#### Information supplied:
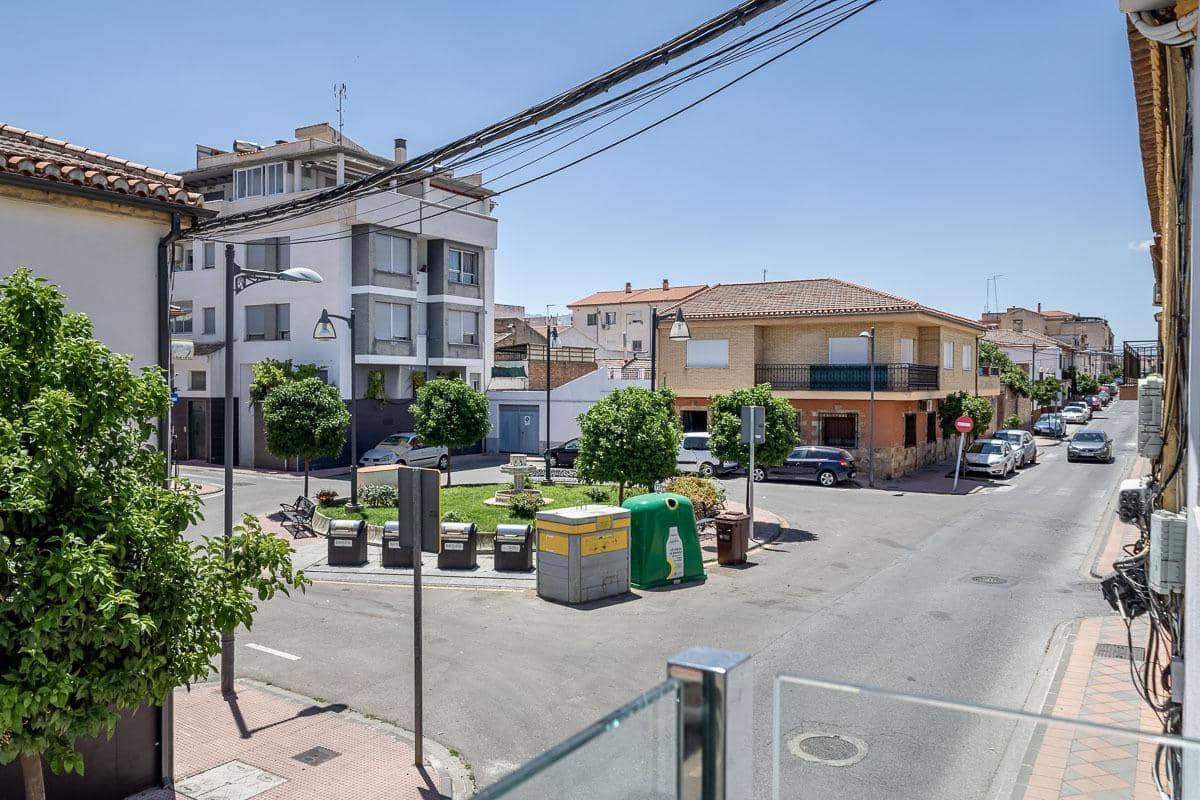Casa de 3 habitaciones en Armilla en venta - 249.000 € (Ref: 9896304)
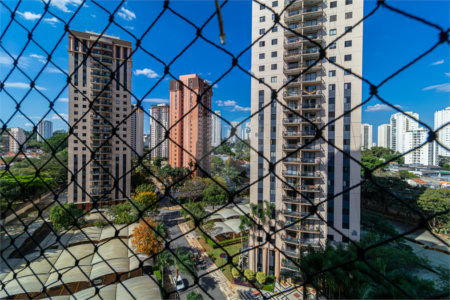 Apartamento à venda com 3 suítes em Alto da Boa Vista, São Paulo, SP
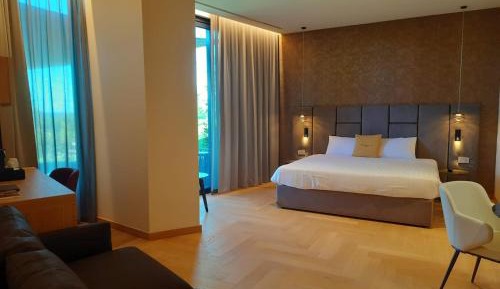 Suite with Garden View
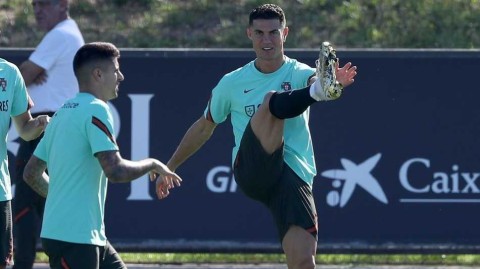备战关键时刻，C罗领衔葡萄牙训练场显王者霸气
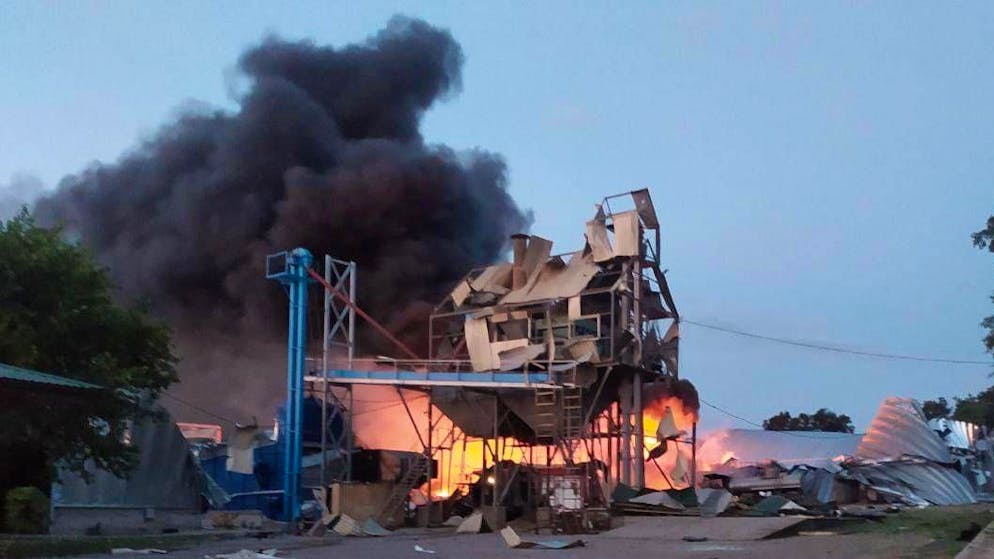 Brennende Getreidespeicher in Odessa nach russischem Beschuss, am 21. Juli 2023.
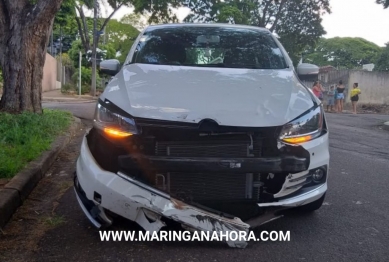 foto de Motociclista de 19 anos morre depois de bater contra carro em cruzamento de ruas, em Maringá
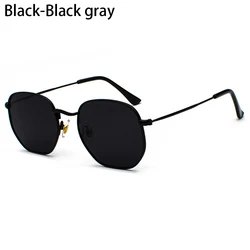 Sleek Unisex Mirrored Lens UV400 Metal Frame Sunglasses (Black - Black gray)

#### Work instruction:
The result should be a transcript of the lines from the line containing "备战关键时刻，C罗领衔葡萄牙训练场显王者霸气" through the end of the listing above, exact, inclusive, and without pictures.

#### Your response:
备战关键时刻，C罗领衔葡萄牙训练场显王者霸气
 Brennende Getreidespeicher in Odessa nach russischem Beschuss, am 21. Juli 2023.
 foto de Motociclista de 19 anos morre depois de bater contra carro em cruzamento de ruas, em Maringá
 Sleek Unisex Mirrored Lens UV400 Metal Frame Sunglasses (Black - Black gray)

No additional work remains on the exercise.